Capas dos livros Noventa e nove poemas de Manuel María (1950-1970) e Odes num tempo de paz e de alegria, ambos de Manuel María (Porto, Editorial Razão Actual, col. Poesía, respectivamente n.ºs 3 e 4, 1972), [Arq.º AELG; Casa-Museu Manuel María].

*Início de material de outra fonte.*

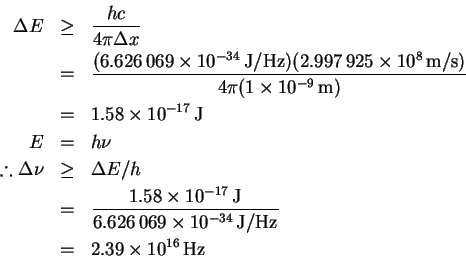 \begin{eqnarray*}% latex2html id marker 47
\Delta E & \ge & \frac{hc}{4\pi\Delta...
...{-34}\,\mathrm{J/Hz}}\\
& = & 2.39\times 10^{16}\,\mathrm{Hz}
\end{eqnarray*}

O poeta galego Manuel María (1929-2004) fez uma digressão de 20 dias por Portugal em 1972, com Pintor Pousa e Arsénio Mota (este, editor da portuense Razão Actual), tendo palestrado na Sociedade da Língua Portuguesa e feito um recital na Ulmeiro, em 11 ou 12 de Janeiro, onde autografou a sua antologia de 99 poemas, a qual contém o poema “Portugal” e poesia de pendor social. No n.º anterior desta colecção, Autoescolha poética (de Celso Emilio), publicara-se uma antologia doutro conterrâneo conhecido, anunciando-se, na respectiva contracapa, que servia para “dar a conhecer a riquíssima cultura galega de hoje”.